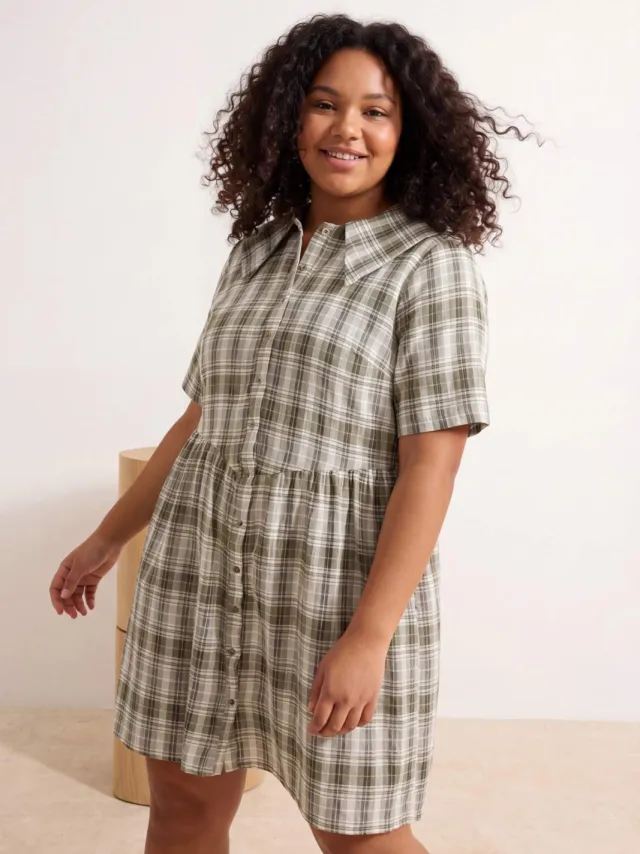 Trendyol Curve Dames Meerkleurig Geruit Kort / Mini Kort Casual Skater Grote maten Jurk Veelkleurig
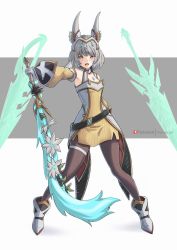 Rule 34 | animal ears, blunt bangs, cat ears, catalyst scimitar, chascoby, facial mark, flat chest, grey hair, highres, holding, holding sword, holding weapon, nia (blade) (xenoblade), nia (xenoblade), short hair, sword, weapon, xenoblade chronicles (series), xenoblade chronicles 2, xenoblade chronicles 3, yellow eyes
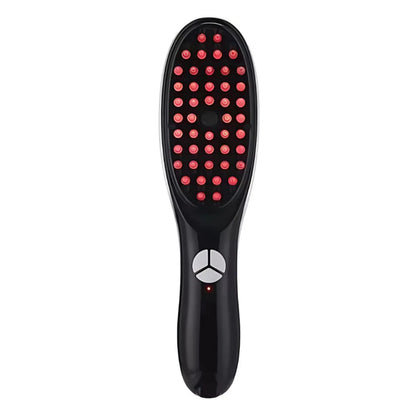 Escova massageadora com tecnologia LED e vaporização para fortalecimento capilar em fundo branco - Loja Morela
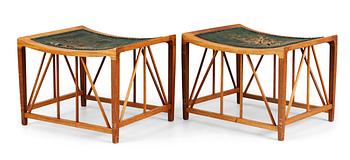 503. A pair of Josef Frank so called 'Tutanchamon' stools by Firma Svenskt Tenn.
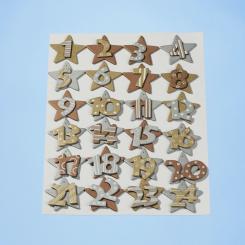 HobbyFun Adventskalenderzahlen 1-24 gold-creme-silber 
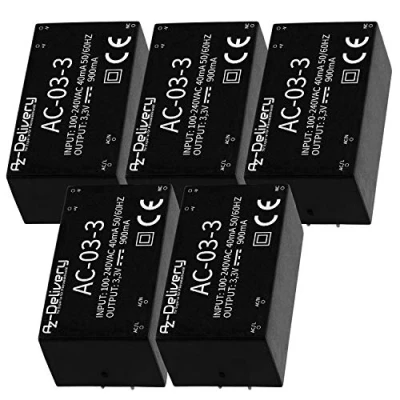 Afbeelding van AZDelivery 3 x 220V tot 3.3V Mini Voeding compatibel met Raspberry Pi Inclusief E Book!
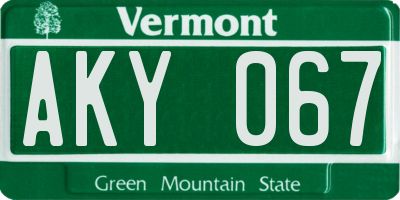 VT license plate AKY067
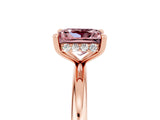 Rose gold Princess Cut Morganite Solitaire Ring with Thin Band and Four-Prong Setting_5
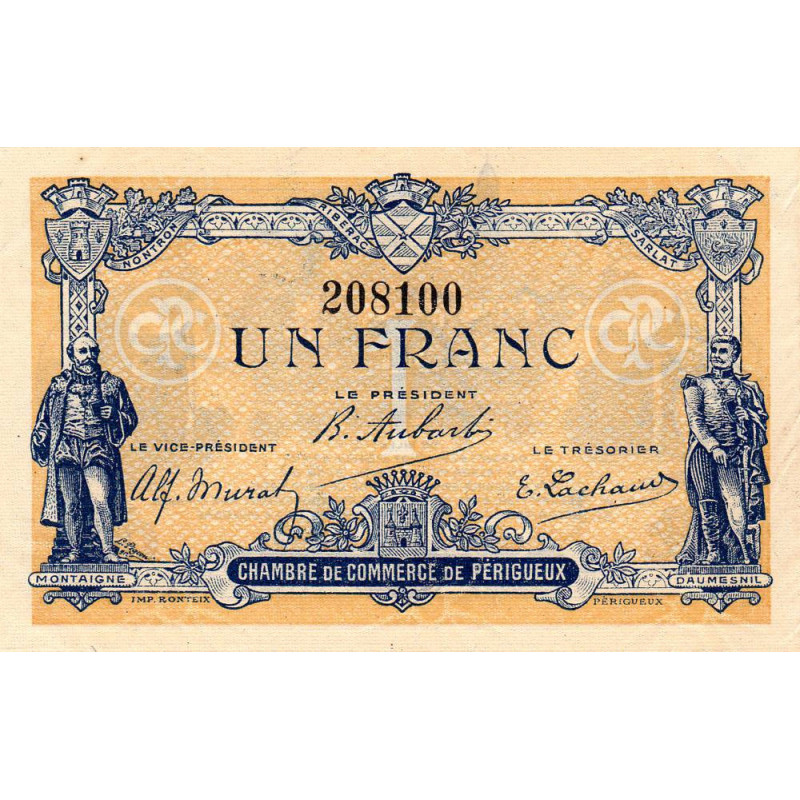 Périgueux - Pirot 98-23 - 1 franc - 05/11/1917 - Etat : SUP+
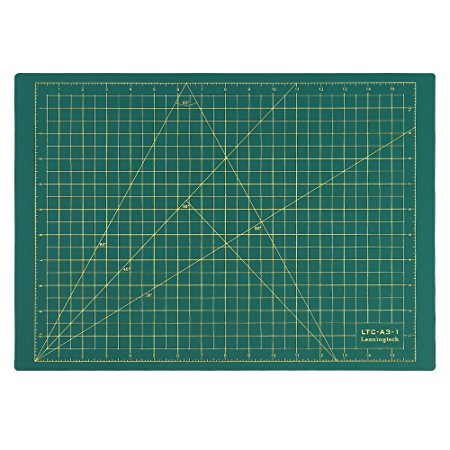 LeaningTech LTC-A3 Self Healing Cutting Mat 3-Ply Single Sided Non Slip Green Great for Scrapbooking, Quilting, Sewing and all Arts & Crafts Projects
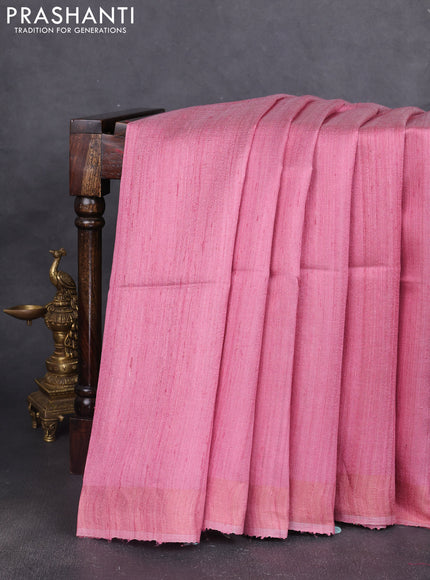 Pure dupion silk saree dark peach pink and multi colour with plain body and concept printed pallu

────

• _Task objective_:
Copy out, unchanged, the span of lines beginning with the one that includes "VT license plate AKY067" and running through the final line of the material above. Leave the pictures out.

• _Solution_:
 VT license plate AKY067
 Rose gold Princess Cut Morganite Solitaire Ring with Thin Band and Four-Prong Setting_5
 Périgueux - Pirot 98-23 - 1 franc - 05/11/1917 - Etat : SUP+
 LeaningTech LTC-A3 Self Healing Cutting Mat 3-Ply Single Sided Non Slip Green Great for Scrapbooking, Quilting, Sewing and all Arts & Crafts Projects
 Pure dupion silk saree dark peach pink and multi colour with plain body and concept printed pallu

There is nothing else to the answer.